--- START ---
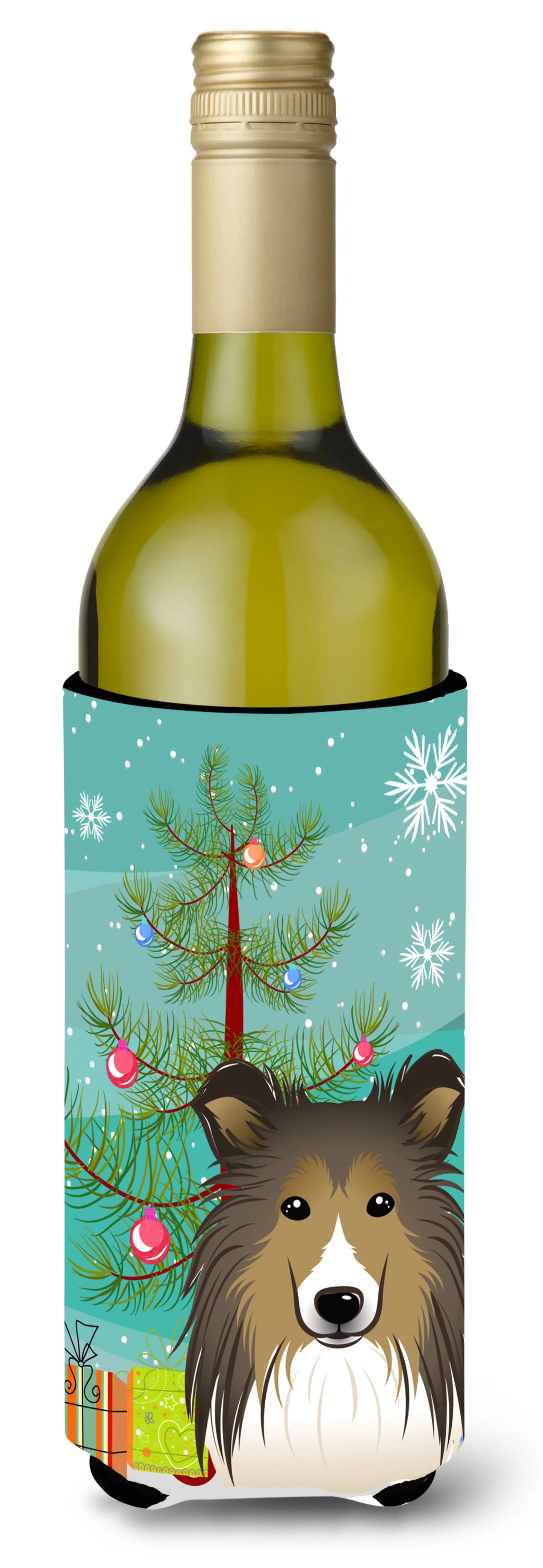 Christmas Tree and Dog Wine Bottle Hugger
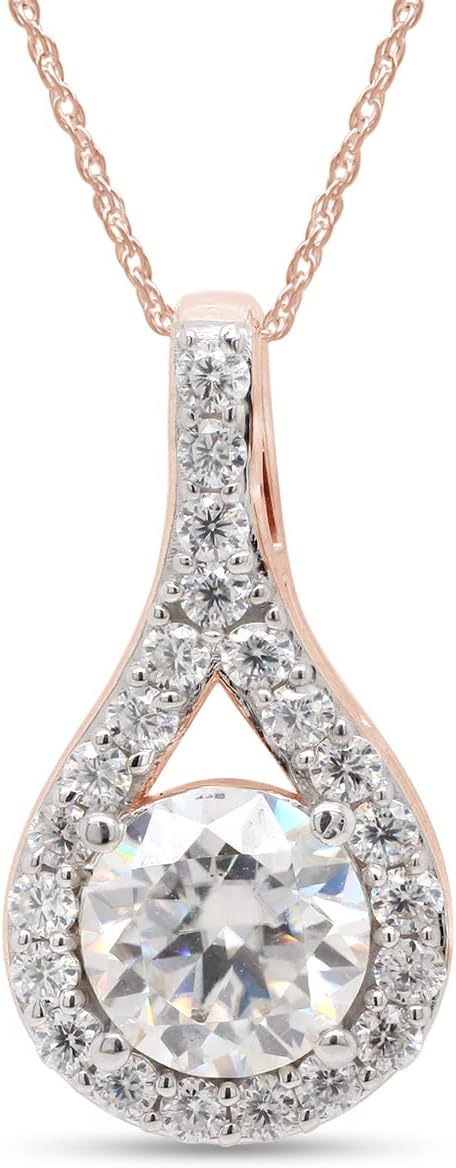 SAVEARTH DIAMONDS 2 Carat Moissanite Pendant Necklace 18K Gold Plated Silver D Color Ideal Cut Lab Created Diamond Necklace for Women
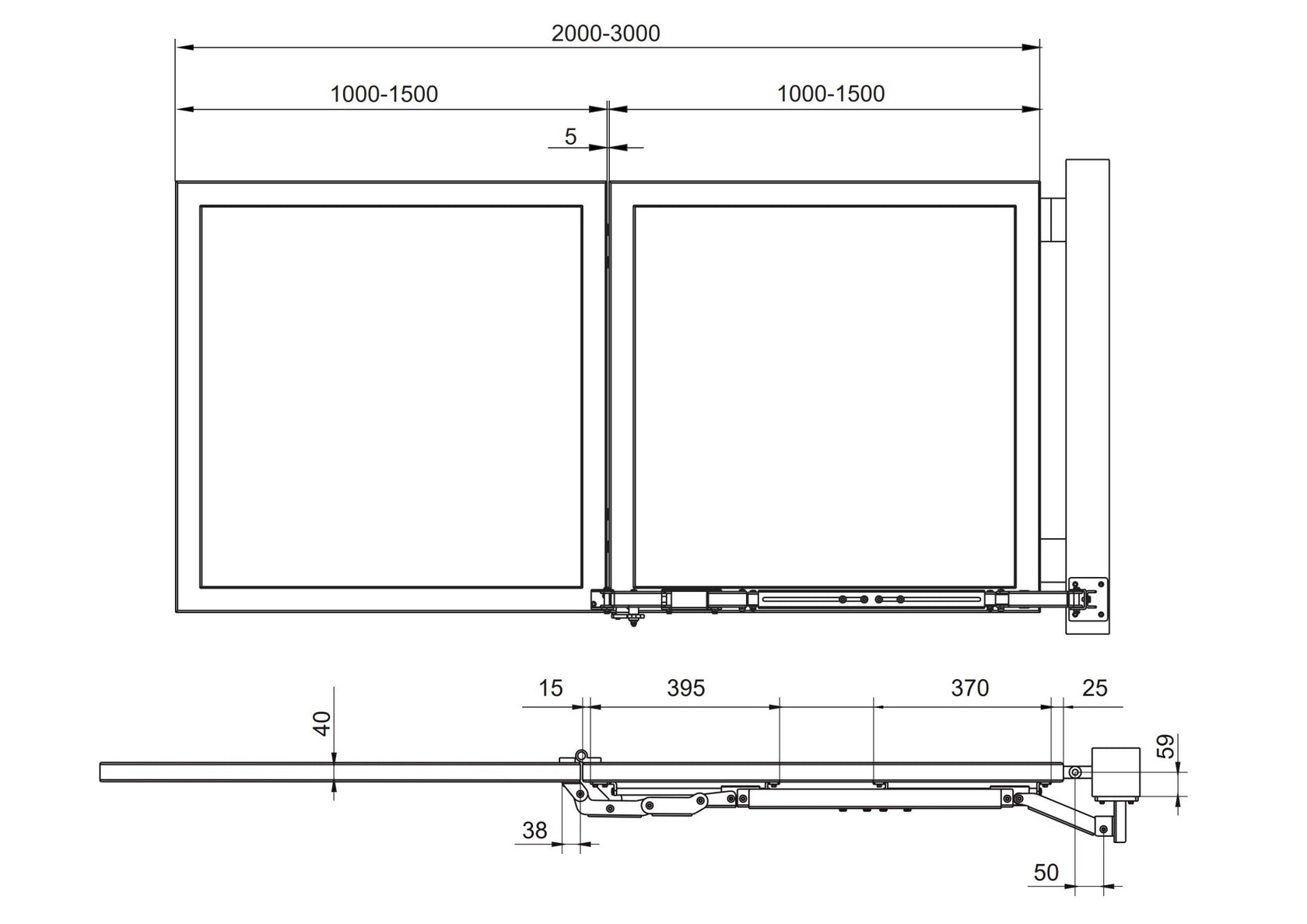 Folding mechanism for swing gates - left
--- END ---
Begin with the line that contains "SAVEARTH DIAMONDS 2" and repeat every line through the end of the data, exactly and only those lines, leaving out the pictures.

▶ **Completed task**
 SAVEARTH DIAMONDS 2 Carat Moissanite Pendant Necklace 18K Gold Plated Silver D Color Ideal Cut Lab Created Diamond Necklace for Women
 Folding mechanism for swing gates - left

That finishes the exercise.